- Born: Margie Elizabeth Neal April 20, 1875 Clayton, Texas, US
- Died: December 19, 1971 (aged 96) Carthage, Texas, US
- Occupations: Journalist, Politician

= Margie Neal =

American journalist and politician

Margie Elizabeth Neal (April 20, 1875 – December 19, 1971) was a Texas journalist and politician. She was the first woman elected to the Texas State Senate, in 1926.

==Early life and education==
Neal was born near Clayton, Texas, and was the daughter of William Lafayette and Martha (Gholston) Neal, who had both come to Texas from Georgia in search of better opportunities. Second of four children, she lived in nearby Carthage for much of her life. It was in Carthage that she had her first encounter with state politics, when Governor of Texas John Ireland came to speak in 1885 or 1886; she would later speak of the impression which his visit had made on her. She attended Sam Houston State Teachers College, but did not graduate.

==Career==
She spent a short time teaching in her native Panola County and in Fort Worth before returning to Carthage in 1903; even so, she retained an interest in education for the remainder of her life. Her return was due primarily to the failing health of her mother.

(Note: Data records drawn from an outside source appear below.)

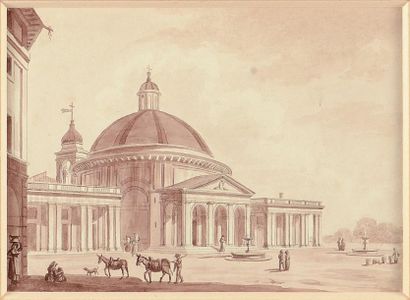 Pavel Svinine (1788-1839) «Place animée» Lavis d'encre de chine. 18 x 24 cm.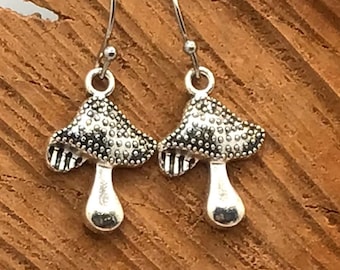 Silver Mushroom Earrings: Hypoallergenic Toadstool Jewelry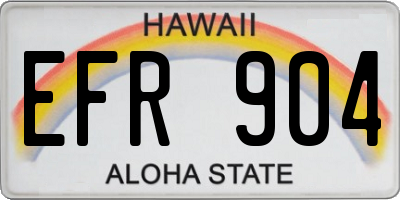 HI license plate EFR904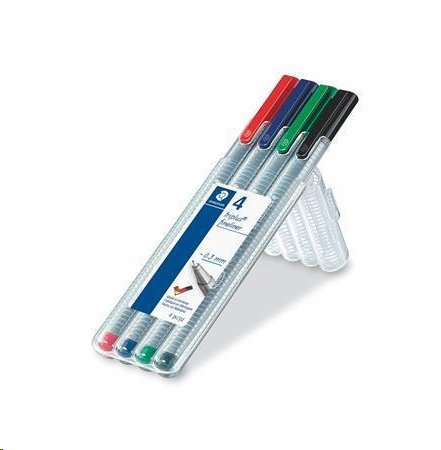 Staedtler Liner "Triplus 334 Box" sada, 4 barvy, 0,3mm; TS334SB4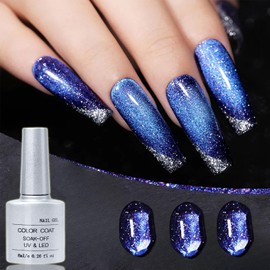 Blue Cat Eye Gel Nail Polish, Long Wearing Gel Cat Eye Nail Polish, Magnetic Nail Polish Gel, Glossy Glitter Nail Polish Blue Soak off UV LED Gel Polish Nail Art Design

Her father had purchased the local weekly newspaper, the Texas Mule, and she became its editor and publisher. She renamed it the East Texas Register and helmed it until its sale in 1911. She was one of the first women in Texas to publish a newspaper, and was known for her progressivism. Neal was heavily active in local civic affairs from early in her career. In 1921 she became the first woman on the board of regents of State Teachers Colleges, remaining in the position until 1927. She chaired efforts in her district to gain women's suffrage, and was the first woman in the county to vote. First woman on the State Democratic Executive Committee, she was a delegate to the 1920 Democratic National Convention in San Francisco. She also was a board member of the Texas Society for Crippled Children.

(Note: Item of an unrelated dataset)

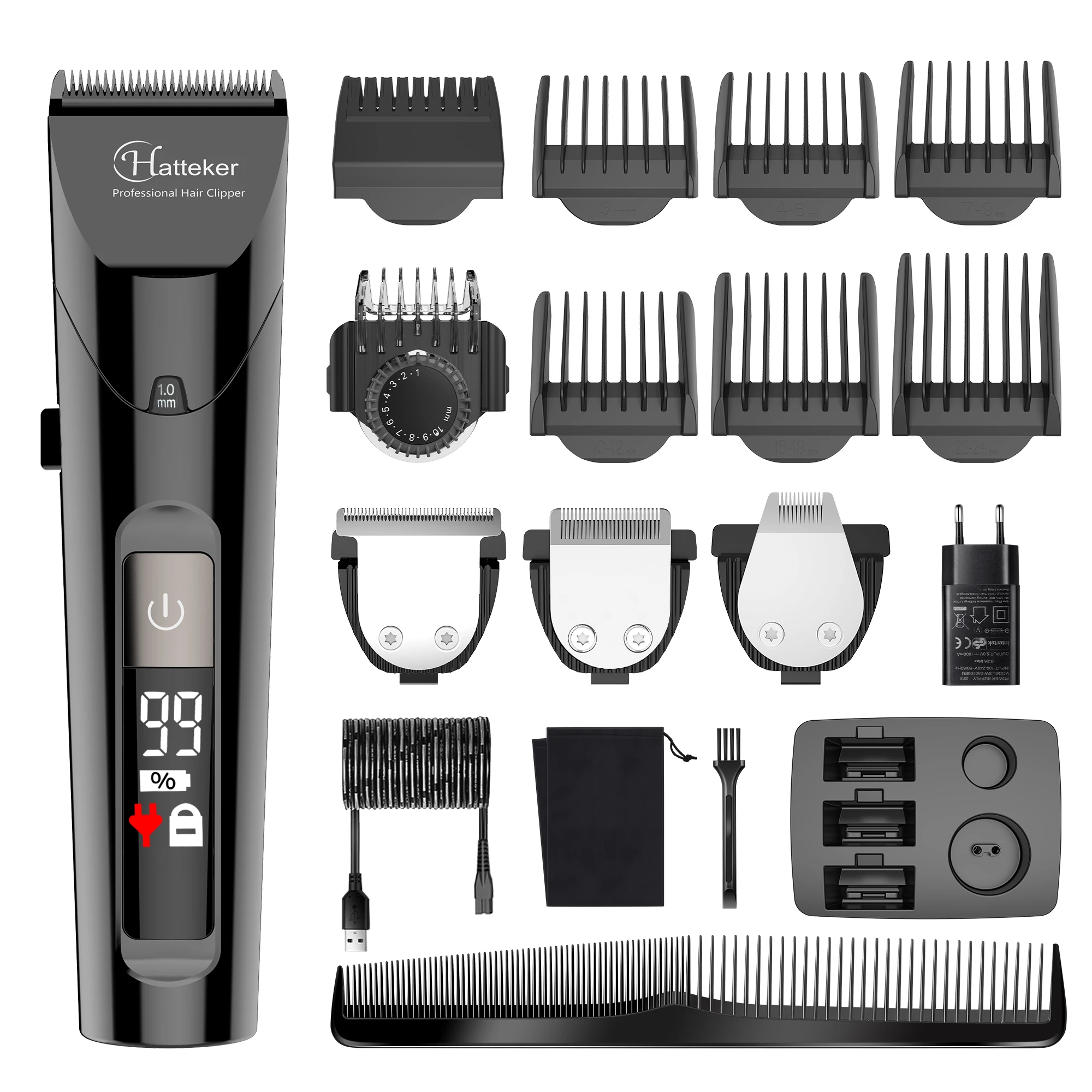 Hatteker Professional 4-in-1 Hair Clippers Trimmer for Men Hair Cutting Machine Home-appliance Hairdressing Tool Suit for Barber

In 1926, Neal was elected from Panola County as a Texas State Senator; she would go on to serve four terms. It was her passion for education which took her to Austin; her frustration at the legislature's inability to raise the standard of academics led to her decision to run, which was supported by her family. Hers was the bill that, in 1928, created the Texas State Board of Education, and she sponsored a bill introducing physical education into schools. She supported mandatory study of both state and national constitutions, and was crucial to passage of legislation appropriating funds for rural schools.

Additionally, Neal assisted in crafting legislation to assist in the rehabilitation of disabled people. She was also instrumental in getting the Texas Legislature to accept twenty-three donated parcels of land that formed the foundation of the Texas State Parks system.

Neal was the only woman in the entire legislature for the first of her four terms; she remained the only woman in the Senate until her departure. For much of her political career she supported the work of Governor Dan Moody.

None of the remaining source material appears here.